Comment apprécier l’erreur d’un professionnel, lors de l’acquisition d’une œuvre d’art ?
Le spécialiste ou expert en art n’est pas à l’abri de commettre une erreur lors de ses acquisitions. Or, cette erreur peut déterminer l’achat d’une œuvre, à laquelle il attribuerait des qualités qui n’existent pas en réalité. L’erreur d’un acheteur sur les qualités essentielles d’une œuvre d’art, telle que son authenticité, constitue un vice du consentement susceptible d’emporter la nullité de la vente.
A cette fin, il est exigé que l’erreur ait été déterminante du consentement. Autrement dit, sans cette représentation erronée de la réalité, l’acheteur n’aurait pas acheté l’œuvre ou l’aurait fait à des conditions différentes.
Mais il faut également que l’erreur soit excusable, c’est-à-dire qu’elle ne procède pas d’une méprise grossière ou fautive, voire d’une négligence. Le caractère excusable ou non de l’erreur s’apprécie au cas par cas, en considération des qualités ou des insuffisances personnelles de celui qui s’est trompé. Cette appréciation est plus stricte lorsque l’acquéreur est un professionnel (expert, spécialiste de l’artiste, antiquaire, décorateur, etc.).

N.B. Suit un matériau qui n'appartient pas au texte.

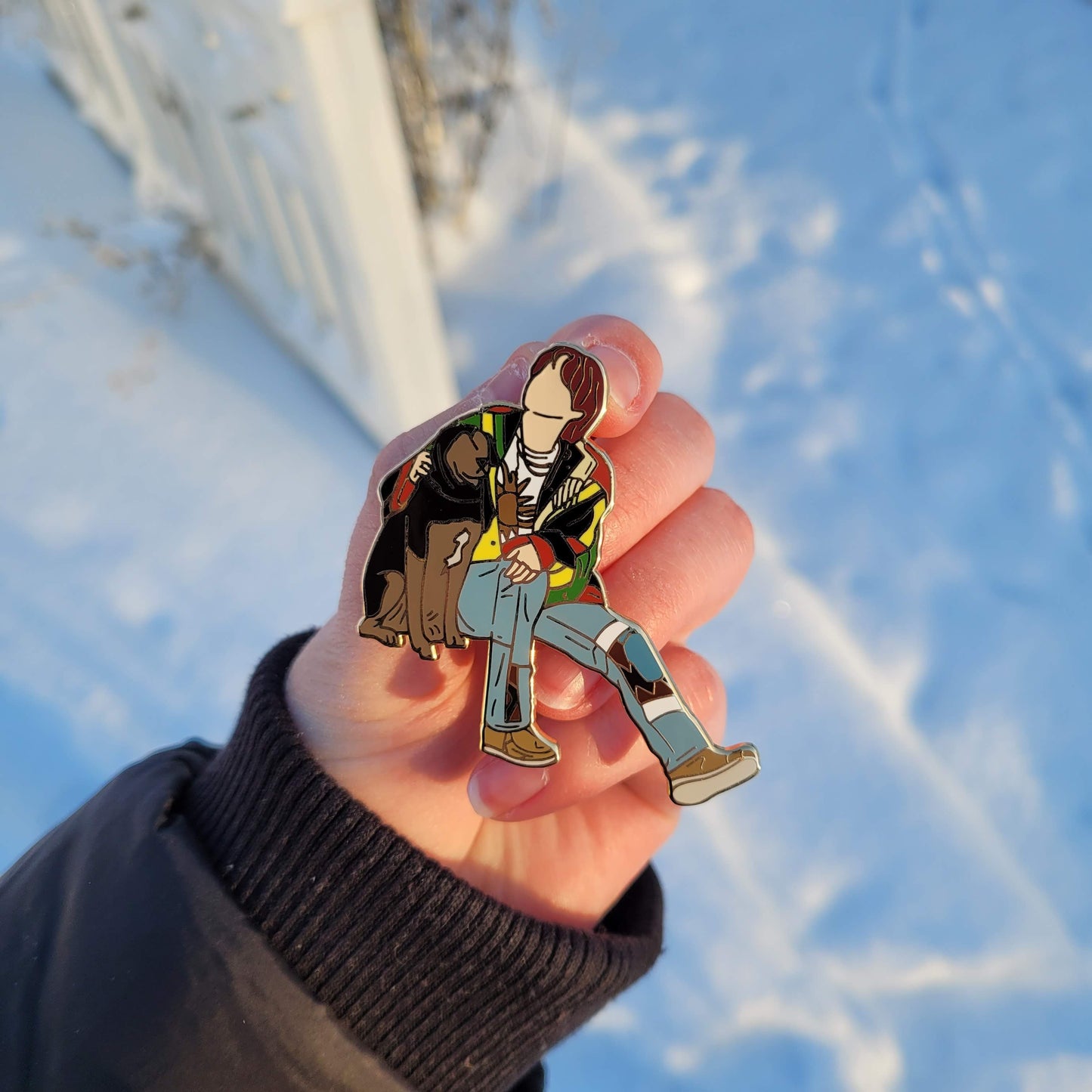 Suga with dog Enamel pin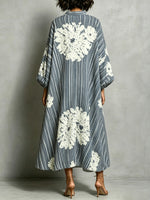 Women's Striped Floral Pattern Art Casual Stylish Long Sleeve Cotton Linen Dress
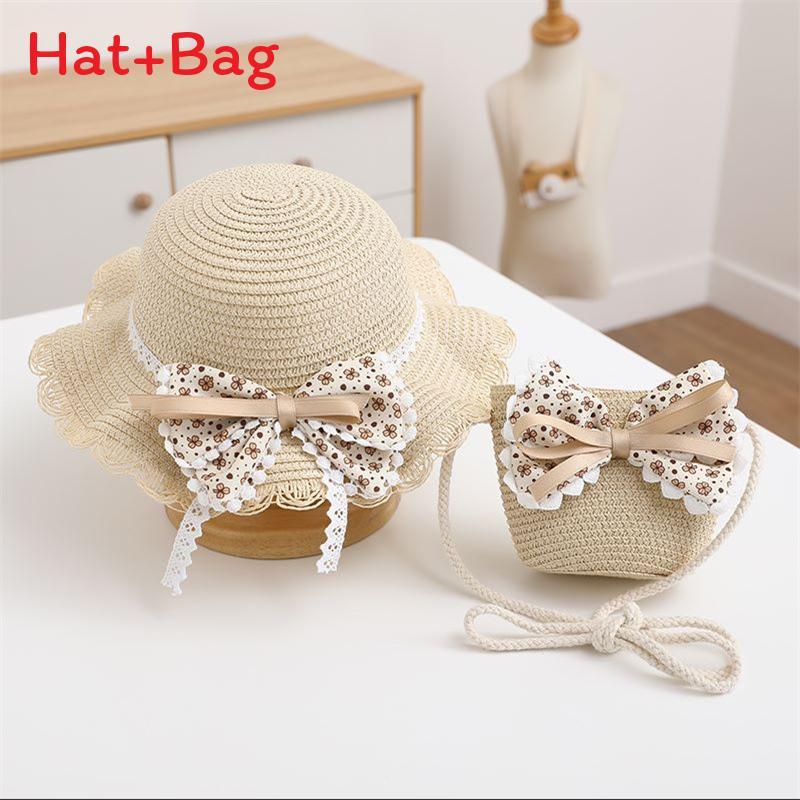 

Kids Sun Hat And Tote Bag Set With Breathable Paper Straw For Vacation And Outdoor бежевый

L’erreur paraît en effet excusable lorsqu’elle est commise par un simple amateur d’art ou un profane ; mais elle semble difficilement acceptable lorsqu’elle émane d’un professionnel en art, en particulier lorsque l’œuvre concernée relève de son domaine de spécialité. Une décision récente a débouté un marchand spécialisé en art africain de sa demande d’annulation d’une vente, au motif qu’il aurait commis une erreur inexcusable. C’est l’occasion de rappeler les jurisprudences applicables au professionnel.
L’erreur du spécialiste est rarement excusable
L’appréciation du caractère excusable de l’erreur dépend des circonstances de l’espèce. Il est donc délicat d’établir des règles absolues en la matière. L’étude de la jurisprudence permet toutefois de distinguer quelques orientations.
Classiquement, les magistrats s’opposent aux revendications formulées par des professionnels et refusent de reconnaître que leur consentement a été vicié. Une affaire ancienne illustre particulièrement bien l’appréciation par les juges du caractère excusable de l’erreur commise par un professionnel, laquelle résulte d’une analyse très factuelle.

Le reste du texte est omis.